> WORK ITEM
Which lines run from the one containing "SMIRLY Large Bamboo" to the end of the material below? Copy them exactly, pictures excluded.

==== STORED DATA

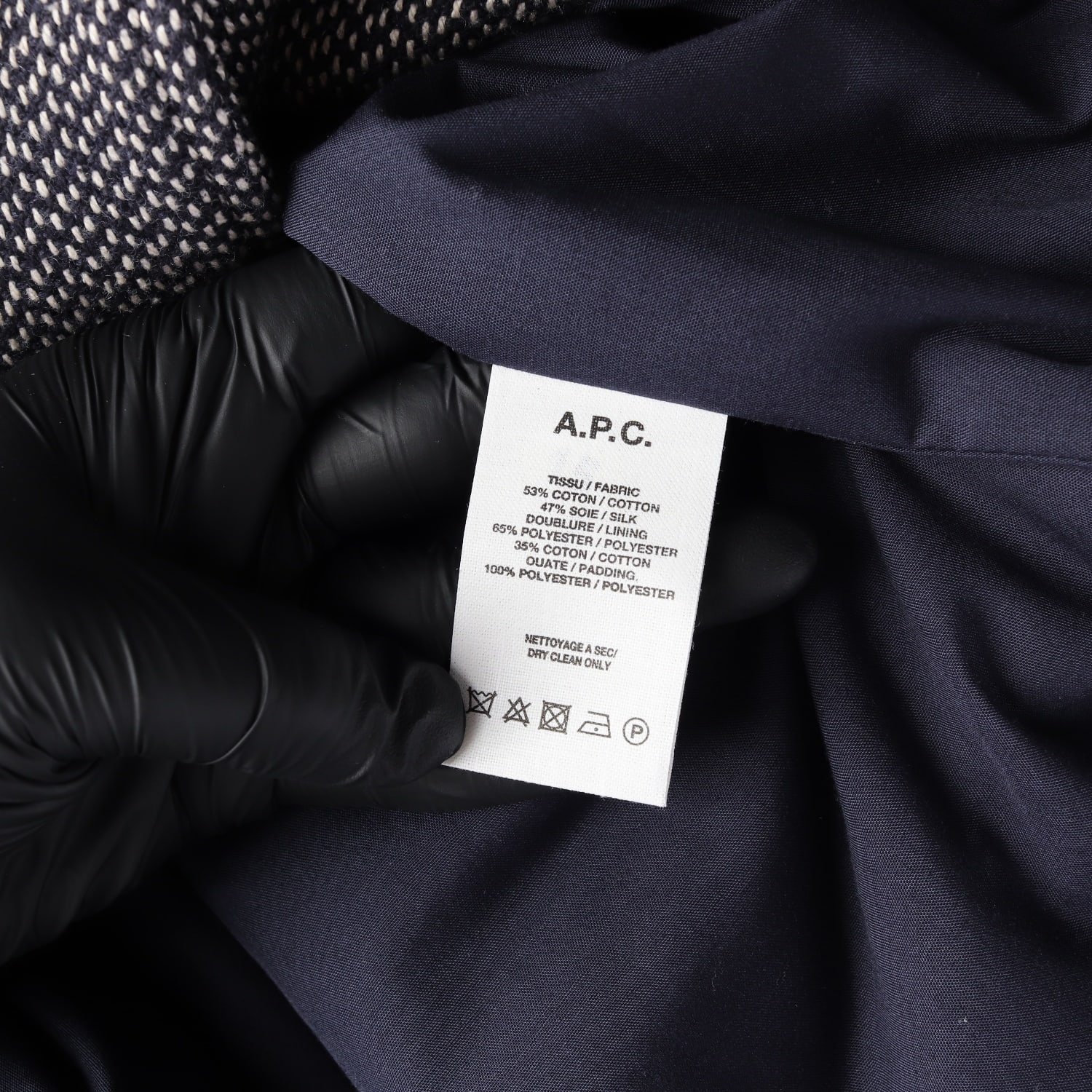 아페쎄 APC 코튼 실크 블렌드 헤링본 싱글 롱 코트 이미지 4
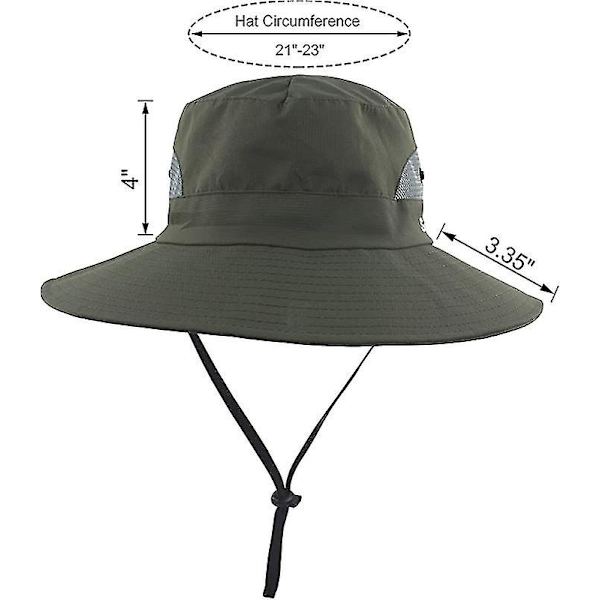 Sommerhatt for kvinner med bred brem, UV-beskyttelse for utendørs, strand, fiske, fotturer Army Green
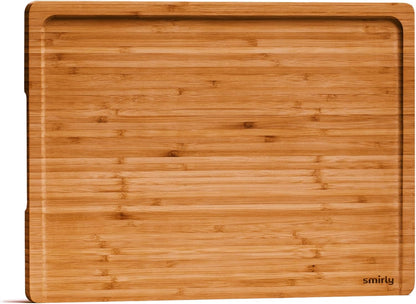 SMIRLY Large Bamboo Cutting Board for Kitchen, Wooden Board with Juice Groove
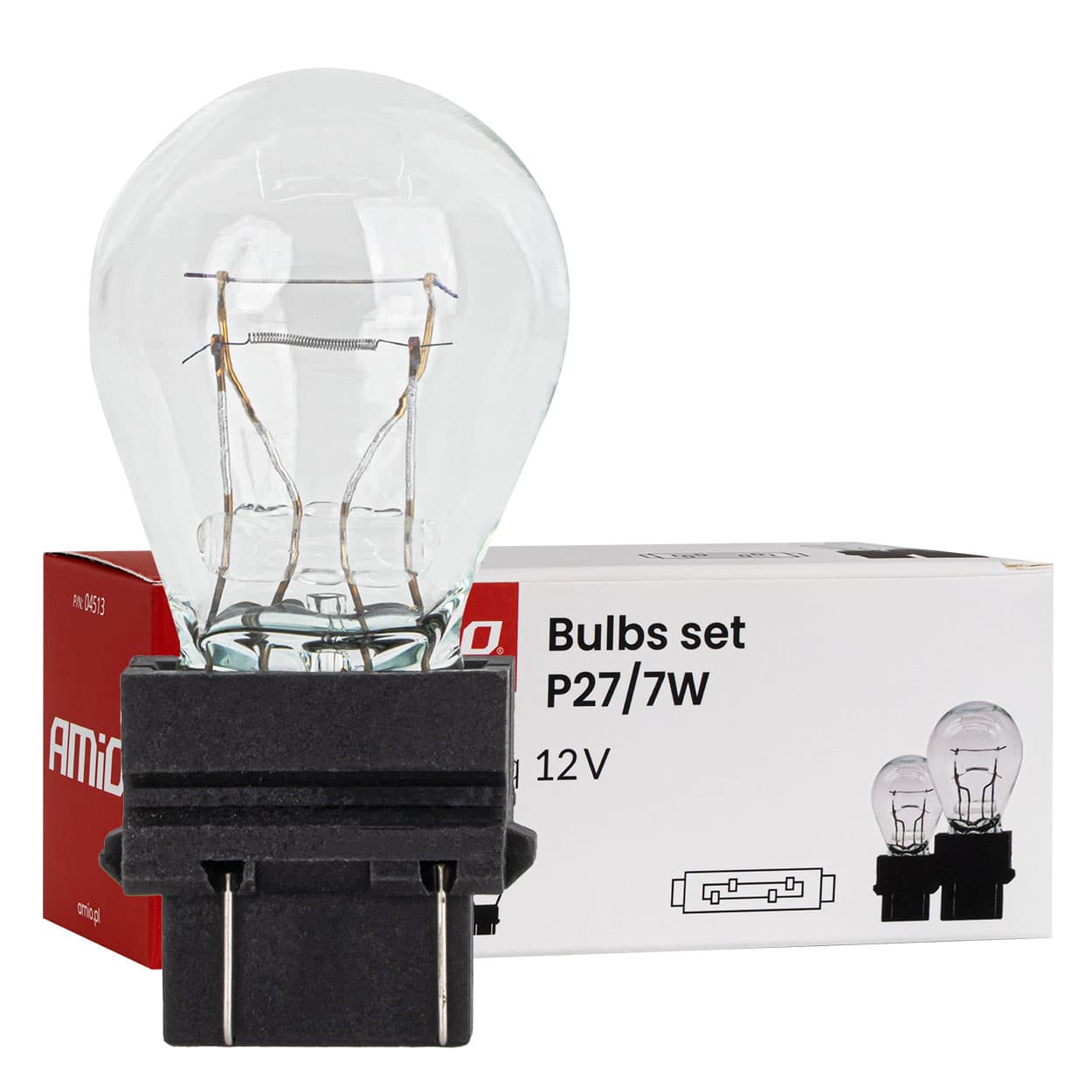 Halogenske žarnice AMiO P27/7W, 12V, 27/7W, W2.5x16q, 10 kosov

========

> ANSWER TO THIS TASK
 SMIRLY Large Bamboo Cutting Board for Kitchen, Wooden Board with Juice Groove
 Halogenske žarnice AMiO P27/7W, 12V, 27/7W, W2.5x16q, 10 kosov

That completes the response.